## Work item:
Exactly and in full, give the records again.

Start of Block

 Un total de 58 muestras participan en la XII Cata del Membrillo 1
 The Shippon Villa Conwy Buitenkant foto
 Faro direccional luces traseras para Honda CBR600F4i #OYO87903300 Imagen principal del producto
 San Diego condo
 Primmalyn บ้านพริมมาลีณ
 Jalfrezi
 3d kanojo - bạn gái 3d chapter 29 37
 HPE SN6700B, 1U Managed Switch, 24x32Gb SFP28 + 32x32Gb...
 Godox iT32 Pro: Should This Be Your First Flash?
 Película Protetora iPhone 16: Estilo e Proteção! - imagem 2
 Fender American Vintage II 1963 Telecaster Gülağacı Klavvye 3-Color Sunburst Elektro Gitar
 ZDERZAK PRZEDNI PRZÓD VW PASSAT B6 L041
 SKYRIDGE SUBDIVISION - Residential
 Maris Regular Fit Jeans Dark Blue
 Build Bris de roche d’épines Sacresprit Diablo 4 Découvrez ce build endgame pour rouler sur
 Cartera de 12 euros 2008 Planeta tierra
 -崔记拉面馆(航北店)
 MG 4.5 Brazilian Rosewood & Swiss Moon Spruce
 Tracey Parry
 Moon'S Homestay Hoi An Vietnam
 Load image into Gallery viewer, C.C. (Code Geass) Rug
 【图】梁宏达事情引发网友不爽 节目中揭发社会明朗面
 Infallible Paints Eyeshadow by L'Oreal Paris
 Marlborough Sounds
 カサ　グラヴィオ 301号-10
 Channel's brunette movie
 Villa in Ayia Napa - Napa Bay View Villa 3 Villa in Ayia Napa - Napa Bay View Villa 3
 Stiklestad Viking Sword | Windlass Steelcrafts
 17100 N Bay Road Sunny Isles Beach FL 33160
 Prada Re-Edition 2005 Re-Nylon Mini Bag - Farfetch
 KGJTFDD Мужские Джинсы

End of Block

## Exercise result:
 Un total de 58 muestras participan en la XII Cata del Membrillo 1
 The Shippon Villa Conwy Buitenkant foto
 Faro direccional luces traseras para Honda CBR600F4i #OYO87903300 Imagen principal del producto
 San Diego condo
 Primmalyn บ้านพริมมาลีณ
 Jalfrezi
 3d kanojo - bạn gái 3d chapter 29 37
 HPE SN6700B, 1U Managed Switch, 24x32Gb SFP28 + 32x32Gb...
 Godox iT32 Pro: Should This Be Your First Flash?
 Película Protetora iPhone 16: Estilo e Proteção! - imagem 2
 Fender American Vintage II 1963 Telecaster Gülağacı Klavvye 3-Color Sunburst Elektro Gitar
 ZDERZAK PRZEDNI PRZÓD VW PASSAT B6 L041
 SKYRIDGE SUBDIVISION - Residential
 Maris Regular Fit Jeans Dark Blue
 Build Bris de roche d’épines Sacresprit Diablo 4 Découvrez ce build endgame pour rouler sur
 Cartera de 12 euros 2008 Planeta tierra
 -崔记拉面馆(航北店)
 MG 4.5 Brazilian Rosewood & Swiss Moon Spruce
 Tracey Parry
 Moon'S Homestay Hoi An Vietnam
 Load image into Gallery viewer, C.C. (Code Geass) Rug
 【图】梁宏达事情引发网友不爽 节目中揭发社会明朗面
 Infallible Paints Eyeshadow by L'Oreal Paris
 Marlborough Sounds
 カサ　グラヴィオ 301号-10
 Channel's brunette movie
 Villa in Ayia Napa - Napa Bay View Villa 3 Villa in Ayia Napa - Napa Bay View Villa 3
 Stiklestad Viking Sword | Windlass Steelcrafts
 17100 N Bay Road Sunny Isles Beach FL 33160
 Prada Re-Edition 2005 Re-Nylon Mini Bag - Farfetch
 KGJTFDD Мужские Джинсы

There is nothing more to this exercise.